I began Sally’s treatment at Massachusetts General Hospital by walking up to a large elevator, and asking her to wait while I took it up one floor, and then back down (her mom was with her). I kept in contact with her throughout the duration of the exercise via cell phone: “Gene to Sally. All systems go. We have lift-off. Roger. Coming in for landing.” She was pleased with this approach for sure.
Then, we went through the exercise together, first with her mom, but eventually just the two of us. Over the course of many weeks, we conquered two floors, then three, then five—all the way up to 23 floors.

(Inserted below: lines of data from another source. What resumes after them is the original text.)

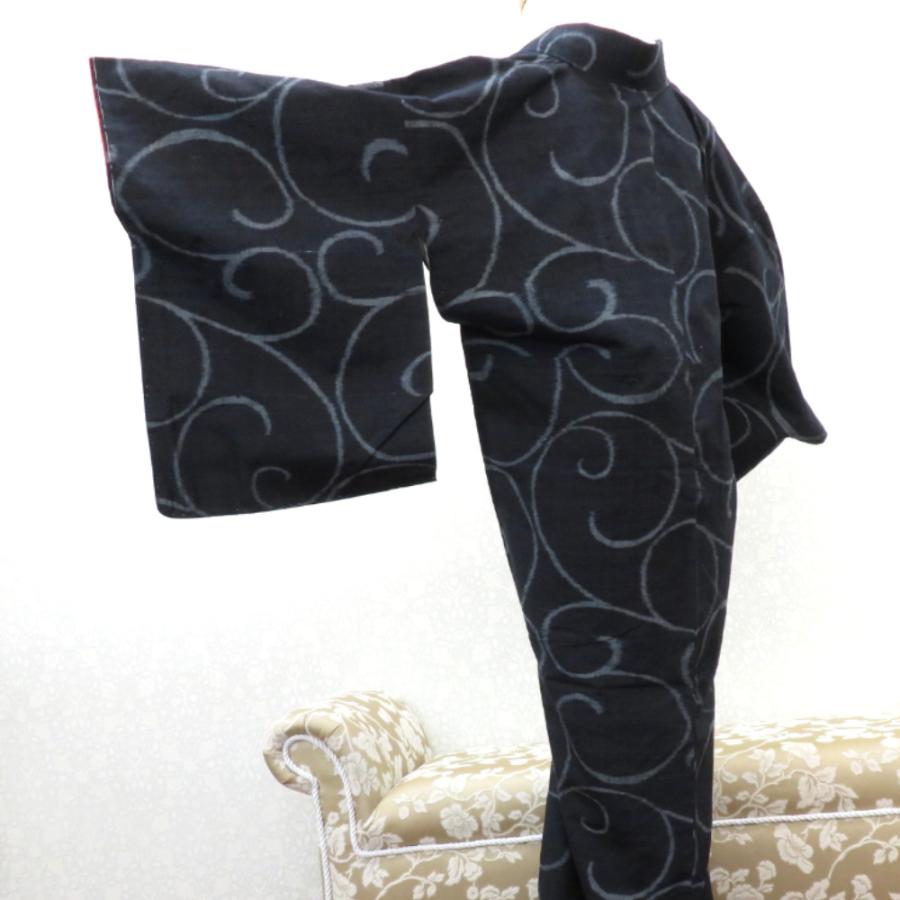 紬 着物 本真綿織 正絹 紺 水色 唐草 袷 広衿 端布付き しつけ糸付き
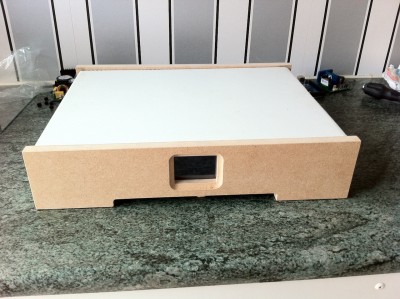 Met houten front, achterpaneel en deksel
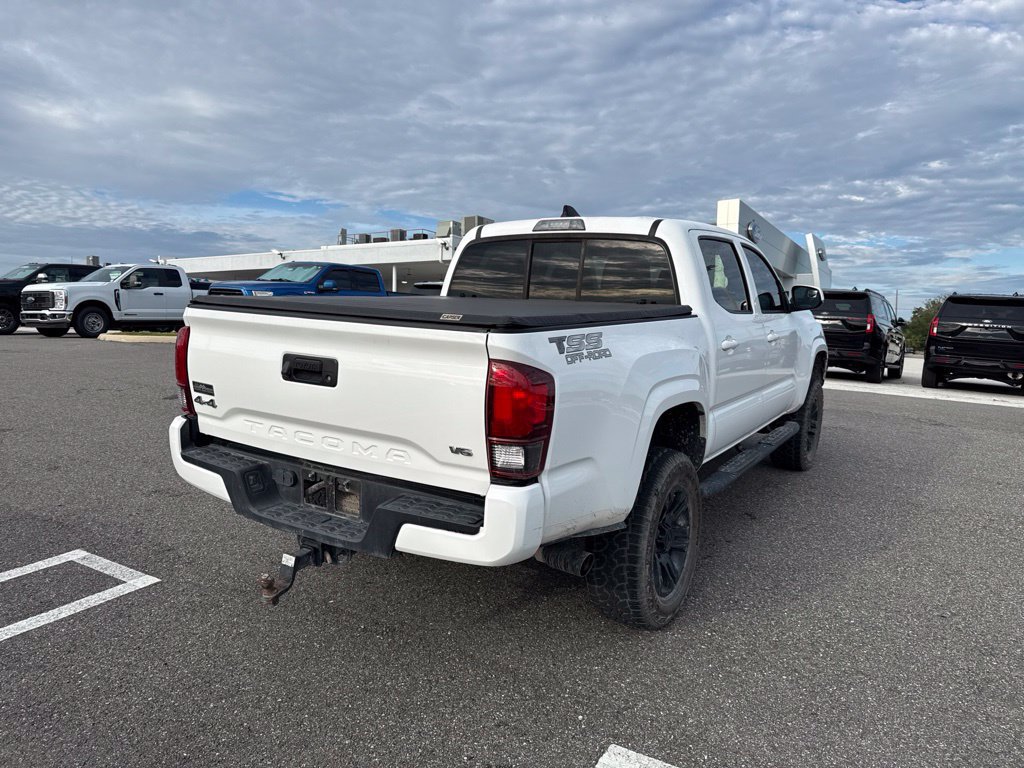 Used 2020 Toyota Tacoma SR AWD/4WD image 2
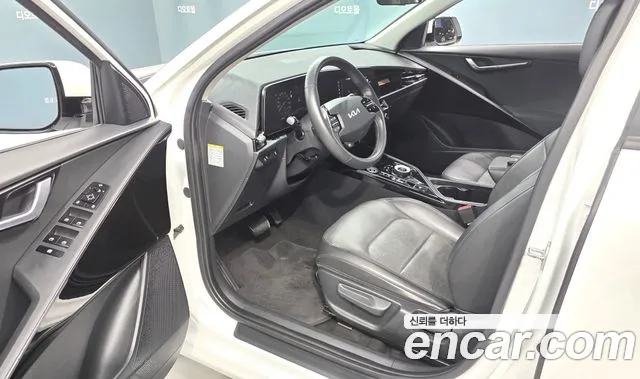 Kia Niro Niro (New) — Фото автомобиля 11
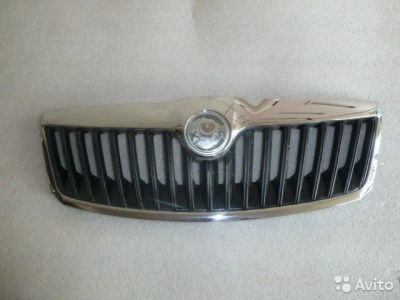 Лот: 4968652. Фото: 1. Решетка skoda octavia 3 (08-13... Кузов
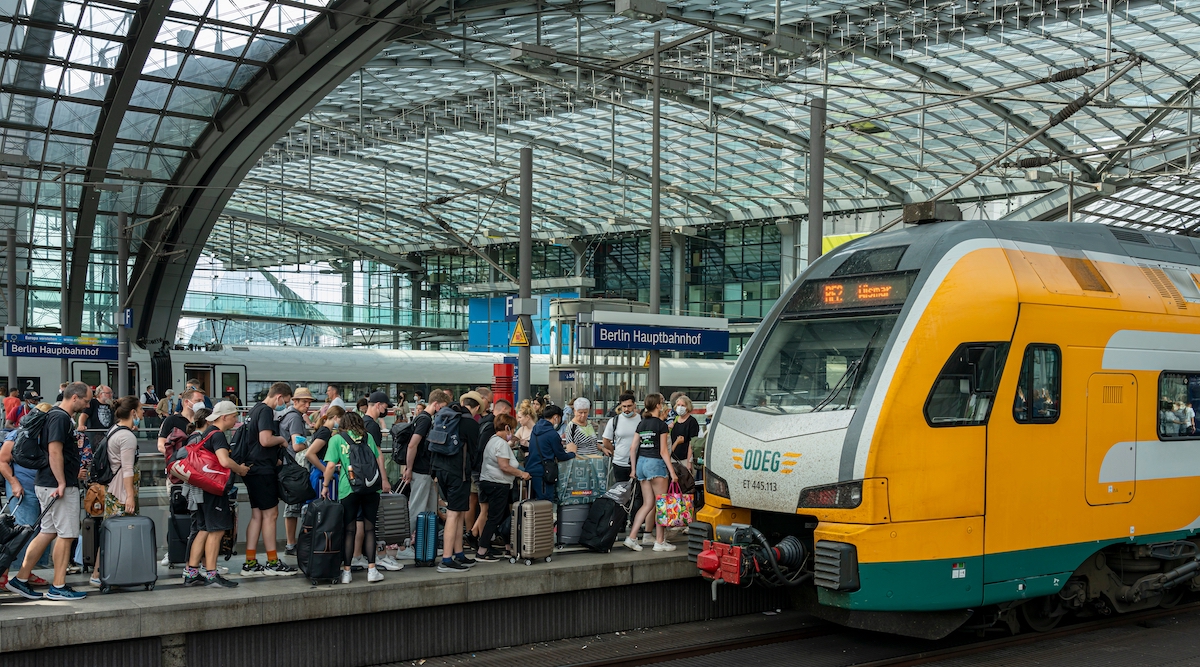 Niemcy wprowadzają uniwersalny bilet na pociągi, tramwaje, autobusy i metro za 49 euro miesięcznie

Finally, it was time for Sally to fly solo (although we continued to remain in constant contact via cell). We stuck with the familiar elevator at first, but then managed to branch out to every single elevator across the Mass General campus. As her final challenge, Sally took the dreaded elevator in the Bulfinch Building, the oldest building at the hospital. To be sure, this particular elevator was scary for many. It was small, isolated, dark, and shook as it went from floor to floor. Understandably, Sally had a hard time with it at first, but eventually, she succeeded.
The process I went through with Sally is called exposure therapy, because it involves, as one might presume, gradual exposure to the phobic situation or object. It’s also known as systematic desensitization because we progressively and systematically take on scarier and scarier exposure until the child is comfortable with (desensitized to) the feared situation.
The same technique can be used for just about any phobia—animals, heights, storms, you name it.
We can even apply this technique by using photos, videos, and sound effects to mimic the phobic situation or object. So, if your kid is scared of thunderstorms, we might start with a picture, move on to a video of rain, and then gradually up the scale until we’re at a raging storm with sound (and, I might use a subwoofer to boost the bass).
Exposure therapy with systematic desensitization can also be taught to and used by parents at home. For example, if your child is fearful of dogs, first show him photos on the computer; then, walk with him past a dog park; then, eventually, build up to moving closer to the dogs themselves. This process would typically be orchestrated by your child’s mental health clinician, who would do similar maneuvers with you present. These skills are easy to learn, and are useful in reinforcing the therapy when needed. And, they often bring you and your child closer together emotionally.
Medications may also be used in treatment, if the fear factor is particularly strong. There are a variety of agents that can be used in the short-term to help calm your child’s fears while he engages in behavioral therapy. These may include anti-anxiety agents (typically benzodiazepines like clonazepam, lorazepam); medications that diminish the physical manifestations of anxiety, such as rapid heartbeat, sweating, tremor (beta-blockers, such as propranolol) or some antidepressants. The choice of medication really depends on the severity of the symptoms and the length of time needed to conduct treatment.
The bottom line is this: you can help make a big difference in your child’s life by treating his phobia. It’s advantageous to bring your child or teen to a qualified mental health professional before the fear becomes so entrenched that the resistance prevents him from even considering getting help.
Fight or flight is fine when the situation calls for it. But, phobias are a whole different story.